One of the more prominent books used in the United States for Jewish learning, almost like a Catechism, is called Jewish Literacy by Rabbi Joseph Telushkin. It’s actually the most thorough English text available on the subject of Judaism, covering 348 different subjects. It will be used as a reference and starting point for an Orthodox Christian response to all of those topics. Commenting on his perception of Christian theology he states, “In Christian theology this story of disobedience became the Original Sin with which all of mankind was permanently stained. But Jews have never regarded it with the same seriousness. It was an act of defiance, to be sure, and because it transgressed God’s command, it was a sin. But the idea that every child is born damned for that sin is alien to Jewish thought.” Judaism takes a more external and surface level perspective, but this Rabbi’s critique of “Christianity” is more so of Roman Catholic and Protestant ideas.
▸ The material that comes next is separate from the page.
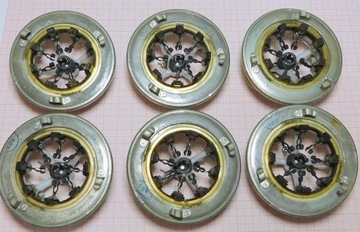 Цоколь лампы 4CX250, 4CX350 и т. д.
That certainly is not a fair and accurate description of the Orthodox Churches teaching regarding the consequence of the Fall. Man was created in the image and likeness of God. When man first sinned, the nature of man was changed. Men are created in the Image of God because unlike other creatures, they have a Nous, which has also been described as the “Eye of the Soul.” It is the nourisher of a man’s soul. Just as God has both essence and energy, so the soul has essence and energy. That is the image of God. When mankind disobeyed God’s commandment and brought sin into the World, the nous was blackened, darkened, and became sick by the fall. By becoming that way, the nature of man was changed, and the likeness of God in man was lost.
The Law was given to God’s people Israel before the coming of Christ as a sort of icon of the sensory, and bodily asceticism. Jesus Christ the Messiah, the incarnate Son of God, as the New Adam would come to conquer death by death, giving man the means to heal the nous and restore the likeness of God. Man can now begin the process of restoring the Nous through repentance, and participation in the Sacraments of The Orthodox Church, traversing through the three stages of spiritual life, purification, illumination, and deification.
Citations
The Orthodox Study Bible. (2008). . Thomas Nelson.
Sysoev, D. (2016). The Law Of God. Daniel Sysoev Inc.
Telushkin, J. (2008). Jewish literacy: The most important things to know about the Jewish religion, its people, and its history. William Morrow.
Vlachos, H., & Williams, E. (2017). Orthodox psychotherapy: (The science of the fathers). Birth of the Theotokos Monastery.